REQUIREMENT: Beginning at the line that contains "μπλακ-άουτ-σε-φολέγα", repeat each line exactly through the last one of the records below, and leave out the pictures.

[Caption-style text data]
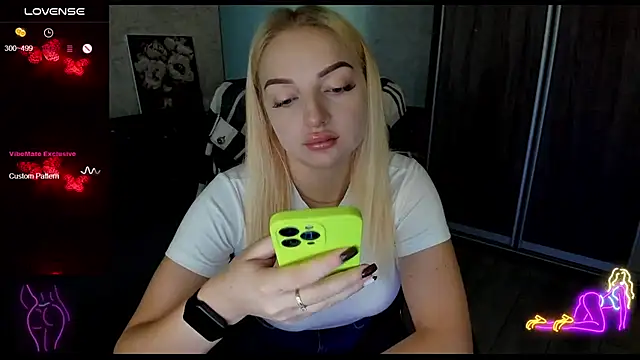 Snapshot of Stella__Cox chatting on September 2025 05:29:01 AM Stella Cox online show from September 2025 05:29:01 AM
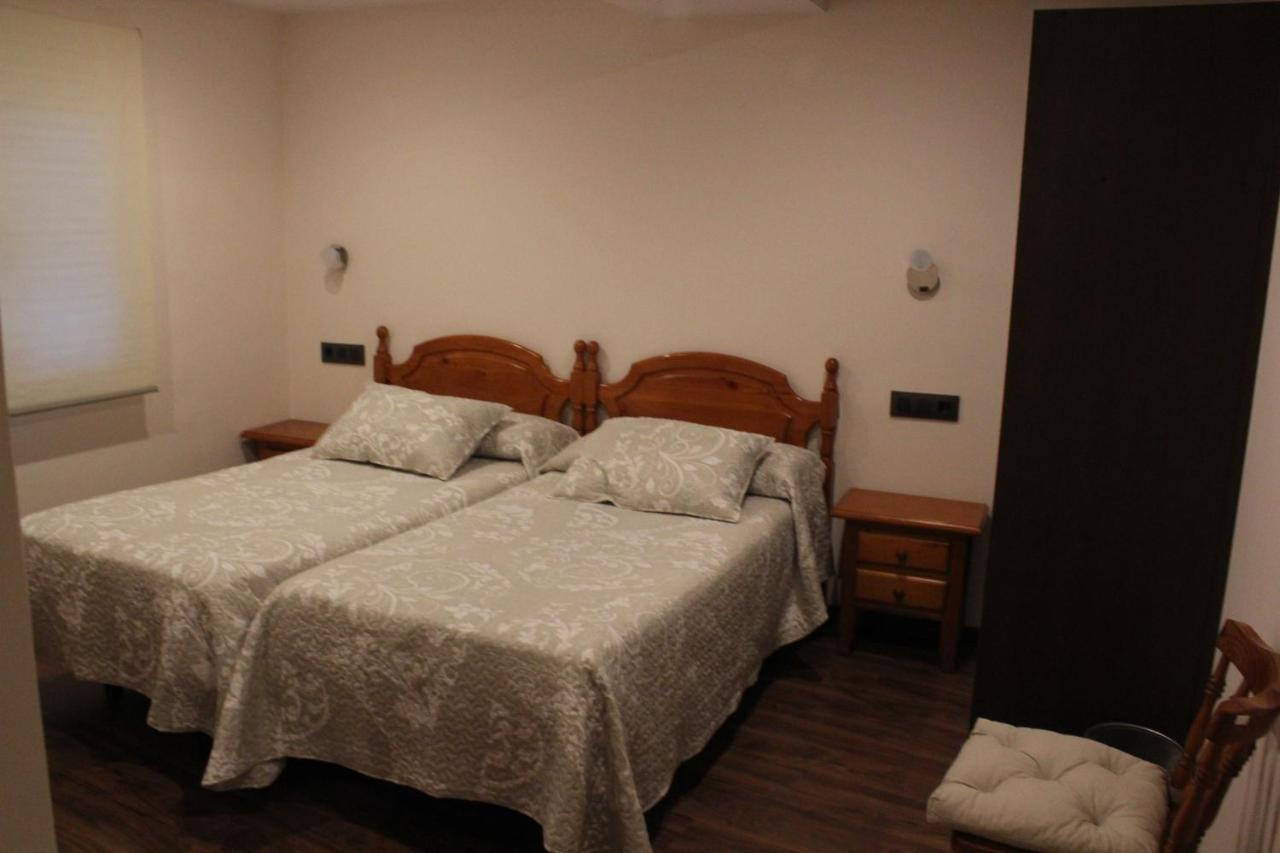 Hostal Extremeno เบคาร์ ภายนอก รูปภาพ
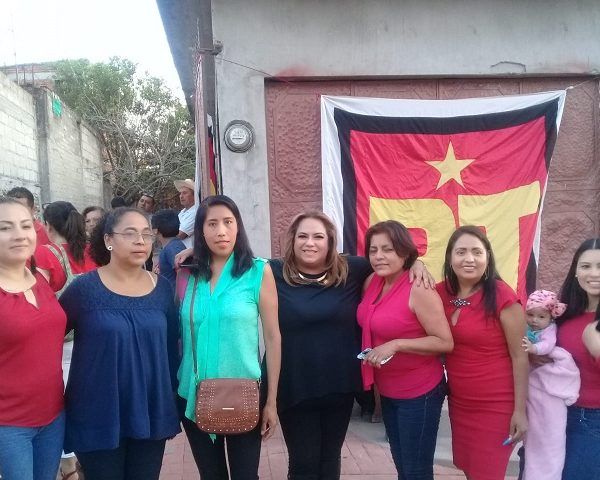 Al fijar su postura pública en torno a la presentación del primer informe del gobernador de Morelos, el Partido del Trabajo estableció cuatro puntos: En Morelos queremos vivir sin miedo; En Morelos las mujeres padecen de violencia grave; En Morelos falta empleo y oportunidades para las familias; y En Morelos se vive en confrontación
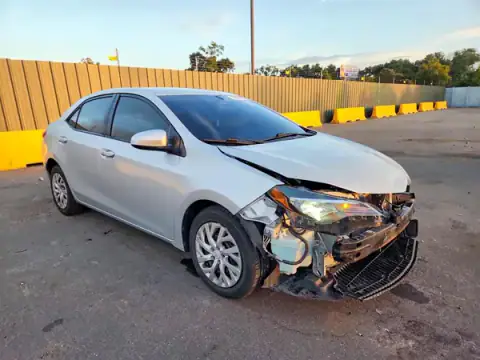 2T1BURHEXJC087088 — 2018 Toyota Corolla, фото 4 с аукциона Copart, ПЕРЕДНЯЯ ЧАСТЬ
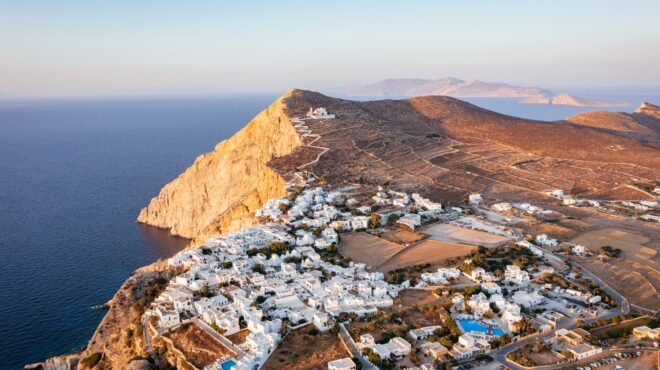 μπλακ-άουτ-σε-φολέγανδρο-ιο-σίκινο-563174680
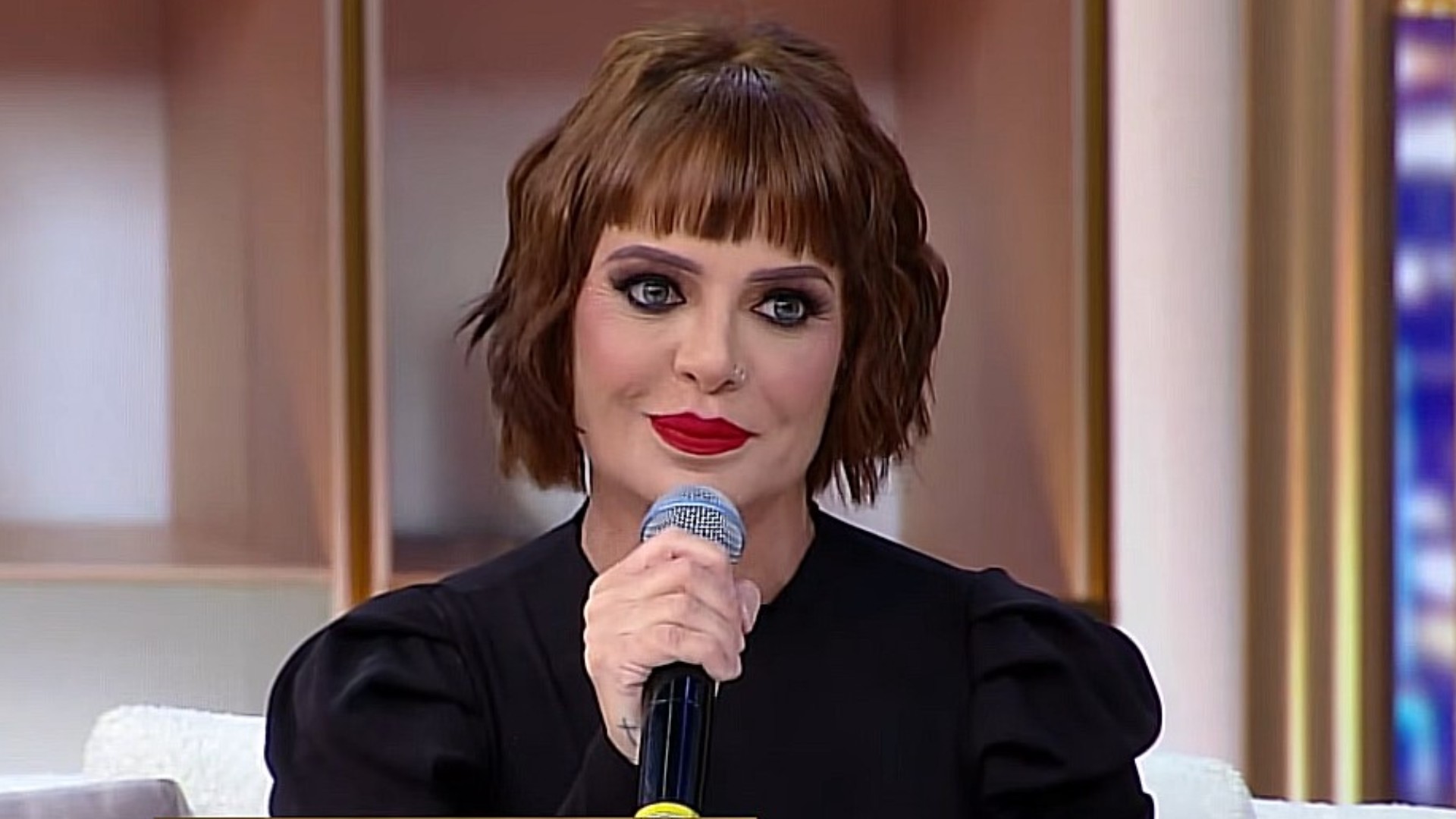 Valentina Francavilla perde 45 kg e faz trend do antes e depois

WRITTEN ANSWER:
 μπλακ-άουτ-σε-φολέγανδρο-ιο-σίκινο-563174680
 Valentina Francavilla perde 45 kg e faz trend do antes e depois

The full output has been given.